Friday, 13 February 2026

The "Vanishing Code" Mystery in Google AI Studio


So, I have been using Google AI studio for a while now and I must say, its very good. I have been able to build my prototypes seamlessly. As an alumni of the Google Startup class, and having completed the "Prototype to Product" class, I’ve been pushing the boundaries of what these LLMs can generate.

However, as I moved from a simple one-page tool to a more complex application, I hit a strange wall: The Disappearing Feature.

The "Context" Paradox

You’d think with Gemini’s massive 2-million-token context window, the AI would remember every line of code you've written. But as my web app grew, I noticed something frustrating. I would ask the AI to add a new feature—say, a "Contact Us" section—and while it would build that section perfectly, it would suddenly "forget" or delete the complex logic I had built for my main tool in the previous step.

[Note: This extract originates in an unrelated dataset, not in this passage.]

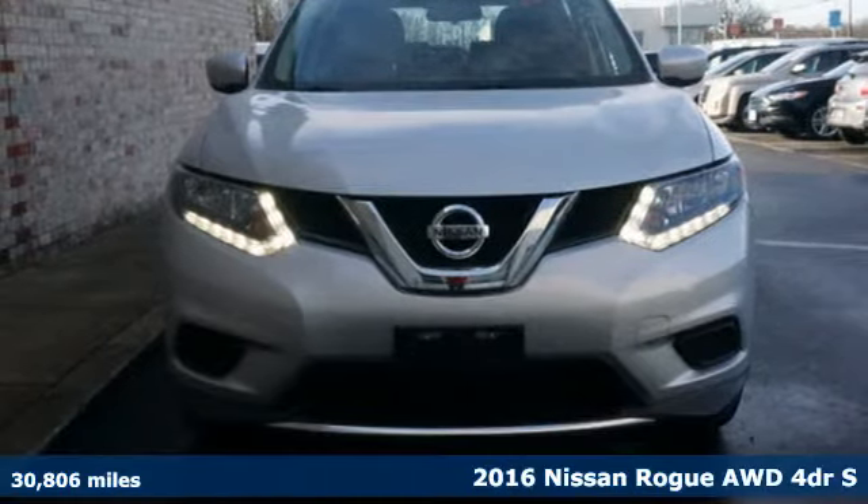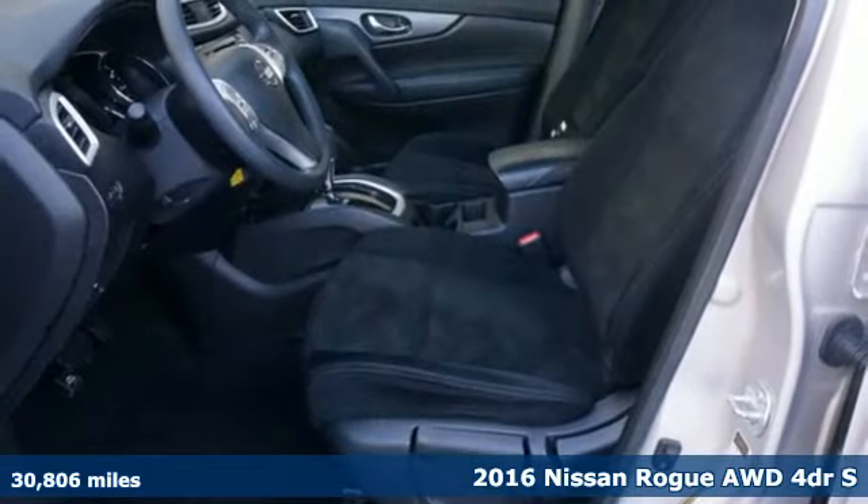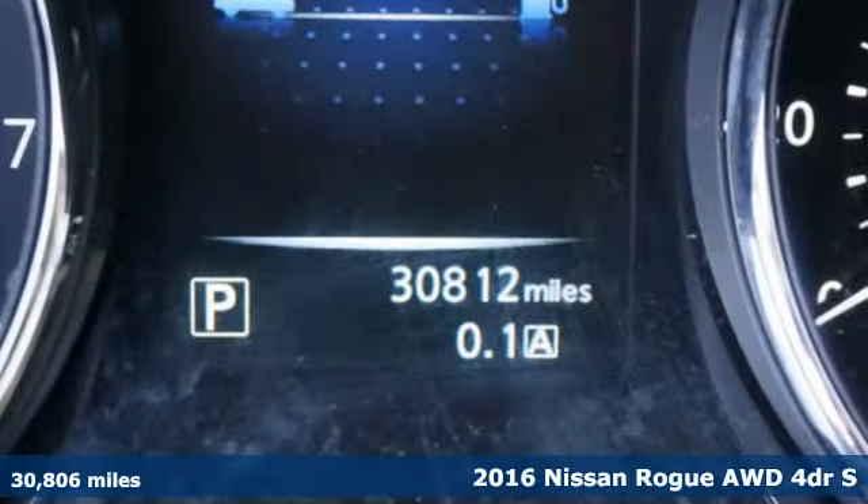It's a 2016 Nissan Rogue. Nissan, built for the human race. And with features like these, every drive is a pleasure.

It’s like the AI is a brilliant architect with a very small desk; it’s so focused on the new blueprint that it knocks the old one onto the floor.

Why Is This Happening?

It’s not actually a "capacity" limit in terms of memory. It’s a conciseness bias. AI models are trained to give you the most efficient answer. When you ask for an update, the AI often:

  1. Summarizes: It gives you the new part but replaces the old part with a comment like // ... rest of code stays the same.

  2. Overwrites: It focuses on the new instructions so intensely that it "hallucinates" a simpler version of your existing features to save space in its output.

How I Fixed My Workflow (From Prototype to Product)

To graduate from a "messy prototype" to a "stable product," I had to change how I talked to AI Studio. If you’re building a multi-page app, here are the three rules I now live by:

  1. Stop the Monolith: Don't keep your entire app in one file (like App.jsx). Tell the AI to break your app into Components. If the "Legal Tool" is in its own file, the AI can't accidentally delete it while you’re working on the "Navbar."

  2. The "Full File" Mandate: I started adding this sentence to every prompt: "Do not use placeholders or comments like '//...rest of code.' Output the entire file so I can copy-paste it without breaking the app."

  3. Use State Management: Instead of letting the AI decide how data flows, I instruct it to use a central "State." This ensures that adding a new page doesn't break how the existing pages talk to each other.

The Verdict

Google AI Studio is a powerhouse for rapid development, but as we move from Prototype to Product, we have to be the "Project Manager." We can't just ask the AI to "build more"; we have to tell it to "expand without replacing."